甲子園の風BACK NUMBER
「なぜ横浜高・織田翔希を打てないのか?」今夏の甲子園最大のナゾ…対戦した7人が漏らした“困惑”「突然ボールが消えた」「言葉じゃ言い表せない」
text by

田中仰Aogu Tanaka
photograph byJIJI PRESS
posted2026/08/17 11:05
2026年夏の甲子園で投球する横浜高・織田翔希
つづく八回、霞ヶ浦は上位打線に回る。ベンチから「初球を狙え」という指示が出た。霞ヶ浦が仕掛けた、二つ目の織田攻略策であった。
この回の先頭で打席に入った一番・加藤龍は言う。
「直球は全部振るつもりで。三球三振でもいいや、という気持ちで入りました。狙っていた直球が初球にきたんです。でも想定よりずっと速かった。僕も振り切ることはできたんですけど、叩ききれなかった。差し込まれました」
ADVERTISEMENT
八回裏、霞ヶ浦は4球で攻撃を終えた。
「突然ボールが消えた」対戦打者の新証言
角度とスピードに加えてもう一つ、気になる発言があった。
先に挙げた霞ヶ浦・八柳との問答に戻る。代打で送られた八柳は、ファウルで三球、織田に喰らいついた。しかし――。
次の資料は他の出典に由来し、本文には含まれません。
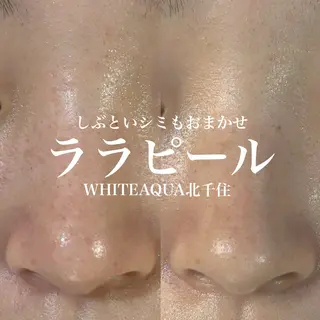 WHITE AQUA 北千住店のエステ・リラクイメージ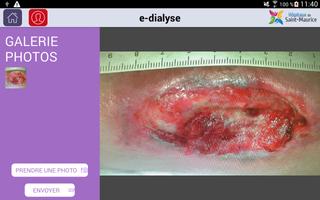 E-Dialyse capture d'écran 1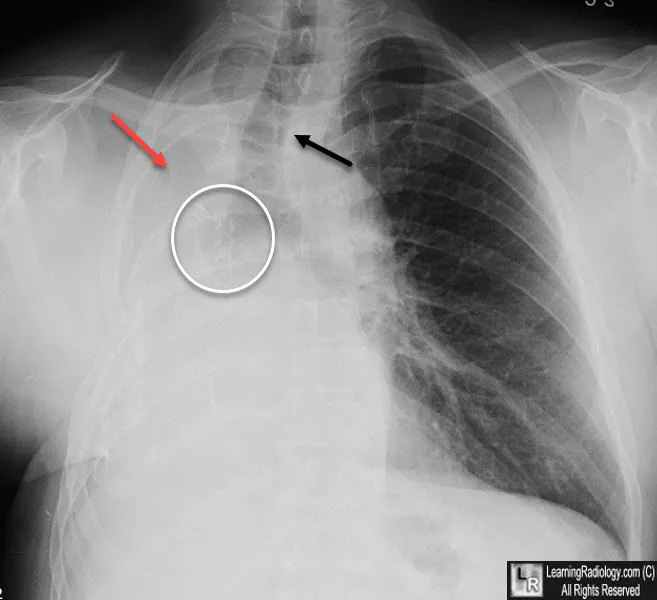 Post-pneumonectomy chest X-ray with annotations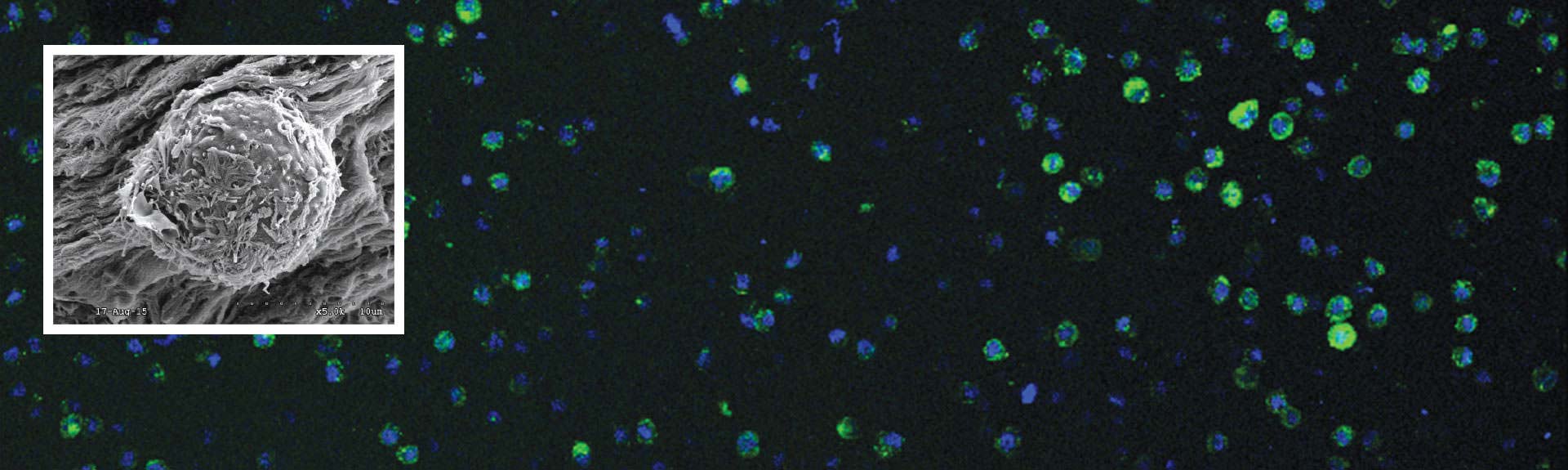Image shows staining for cell viability of annulus fibrosus cells seeded in fibrin-genipin hydrogel sealant at 24 hours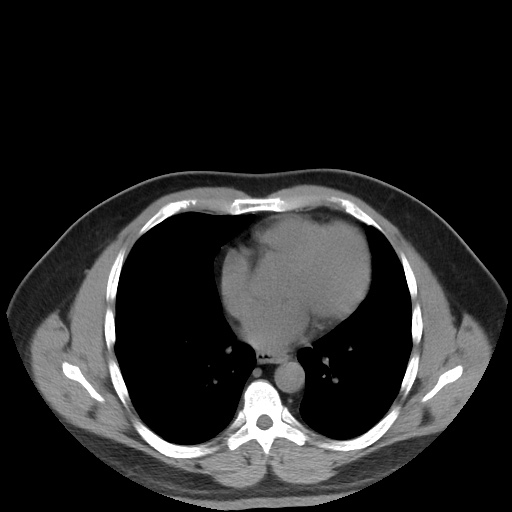 Autosomal dominant polycystic kidney disease (Radiopaedia 50259-55612 Axial non-contrast 6).jpg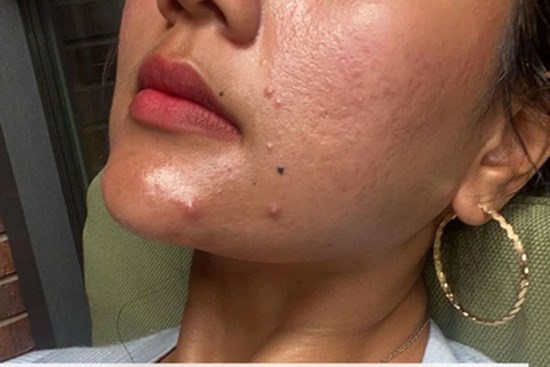 Nếu bạn cứ làm 4 bước skin care này thì lỗ chân lông trên da sẽ ngày càng to ngoác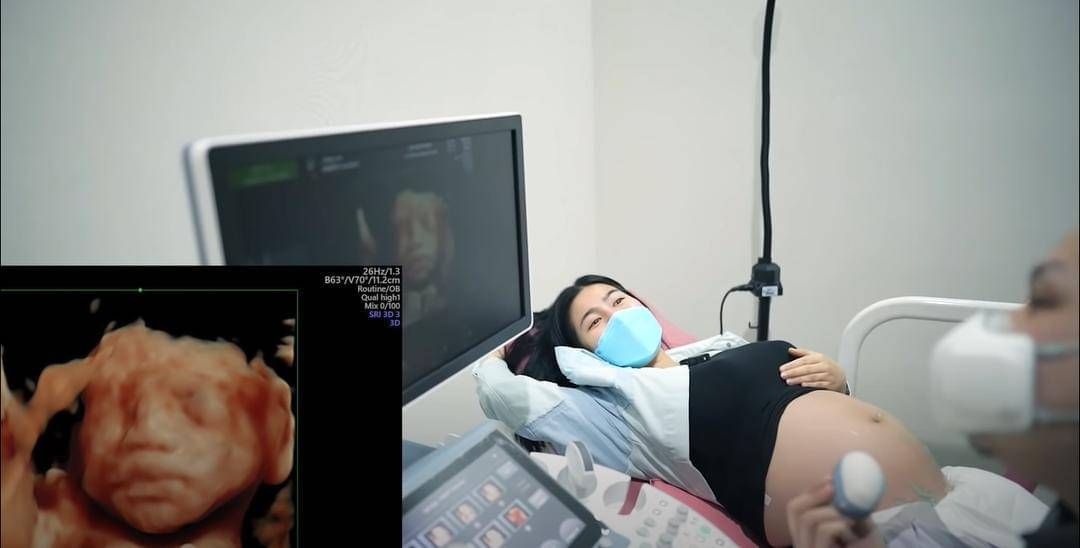 Youtube/FELITOgether Official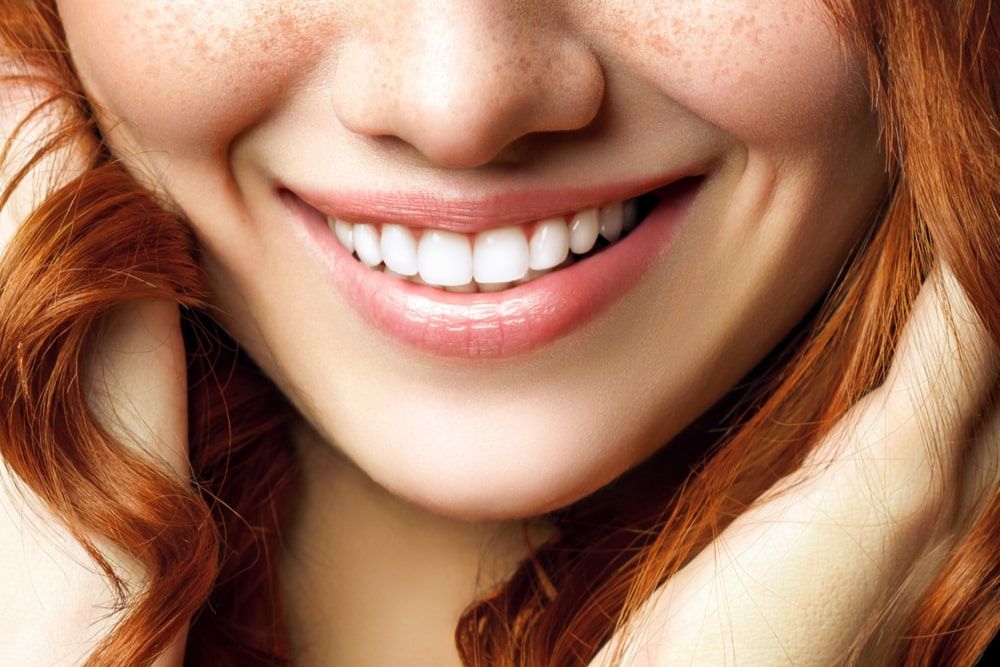 Beautiful female smile after teeth whitening procedure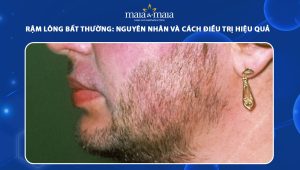 rậm lông bất thường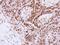 DNA damage-binding protein 1 antibody, LS-C185341, Lifespan Biosciences, Immunohistochemistry frozen image 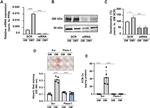 PIEZO1 Antibody in Western Blot (WB)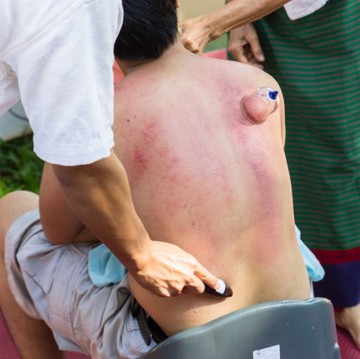 Hati-Hati, 8 Bahaya Kerokan yang Sering Tidak Disadari Banyak Orang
「基本真っ直ぐで、スライダーも頭に入れていました。実際スライダーも来たんです、ボールだったので見逃しましたけど」
圧倒されながらも、そこまでは想定どおりだった。
六球目。織田の腕の振りから、真っ直ぐだと八柳は判断した。
「そしたら突然、ボールが消えました。スライダーでもなかった。最後の球はスプリットでした。腕の振りが同じなので、振りにいく始動に入ったときまでわかりませんでした。真っ直ぐの軌道だったのに、真っ直ぐじゃないのか、と。球が急に消えました」
150キロを優に上回る直球と、曲がる、落ちる変化球。それらを「同じ腕の振りで投げてくる」とは日南学園の選手たちも証言していた。
二回戦と三回戦、エース織田は試合途中からマウンドに上がった。計7イニングを投げた。
両校に許したヒット数はわずかに「1」である。